AVAILABLE DATA:

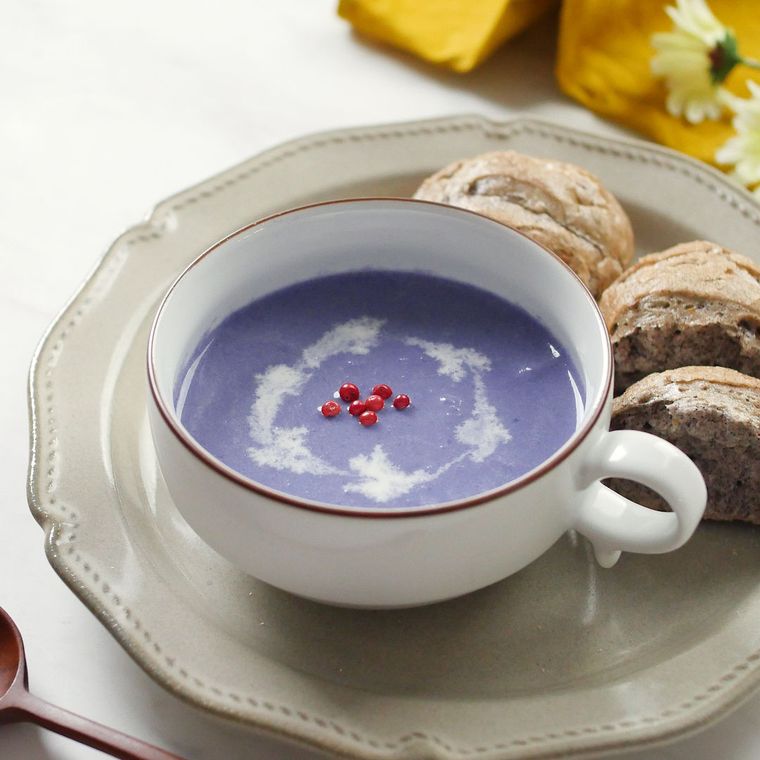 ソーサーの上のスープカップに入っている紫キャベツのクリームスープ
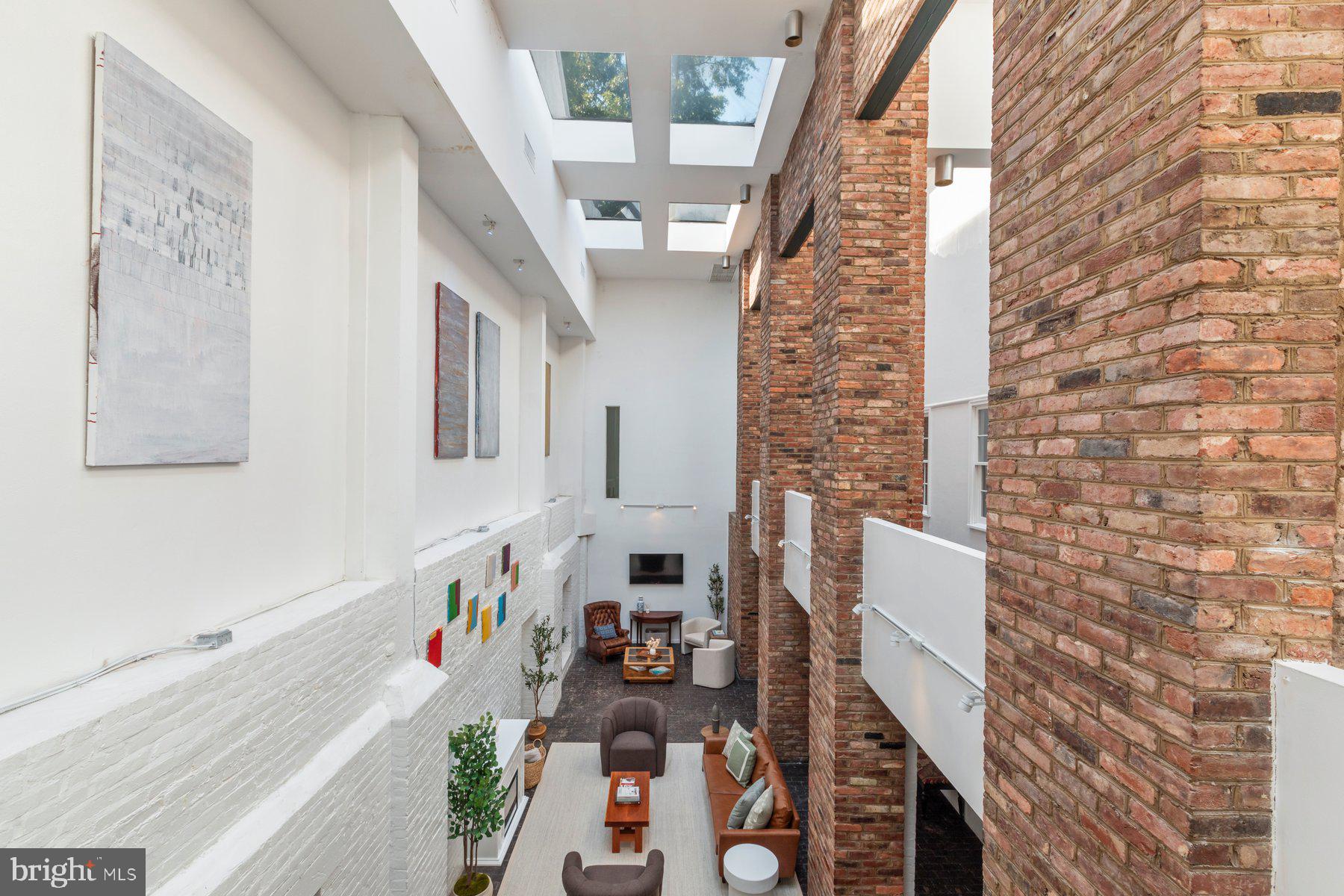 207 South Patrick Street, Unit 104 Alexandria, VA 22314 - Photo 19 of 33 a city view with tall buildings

--

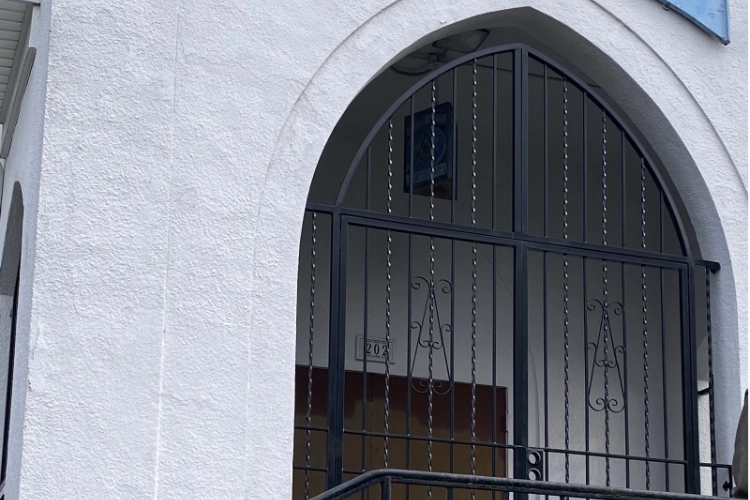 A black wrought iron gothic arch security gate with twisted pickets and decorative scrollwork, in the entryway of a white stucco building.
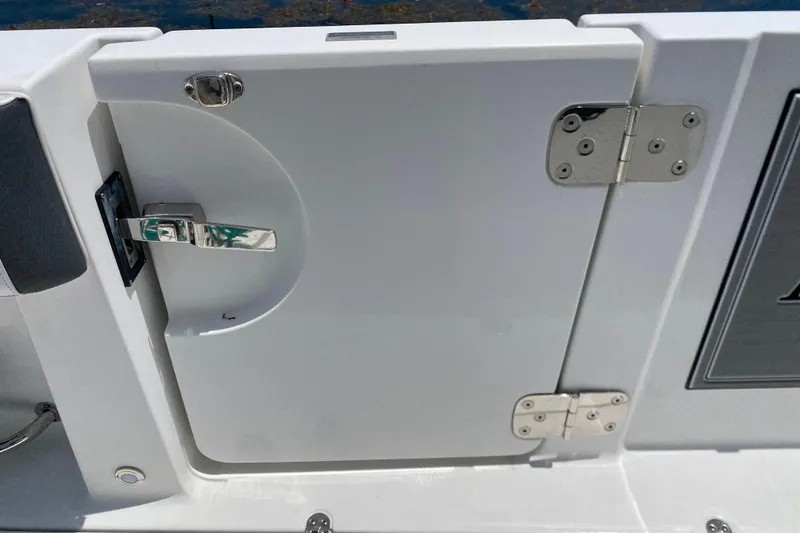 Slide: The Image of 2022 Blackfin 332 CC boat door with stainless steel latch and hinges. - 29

PROBLEM REQUIREMENTS: Taking the entries above, copy word for word the lines from the one with "A black wrought" up to and including the one with "Slide: The Image", without any picture.

ANSWER AREA:
 A black wrought iron gothic arch security gate with twisted pickets and decorative scrollwork, in the entryway of a white stucco building.
 Slide: The Image of 2022 Blackfin 332 CC boat door with stainless steel latch and hinges. - 29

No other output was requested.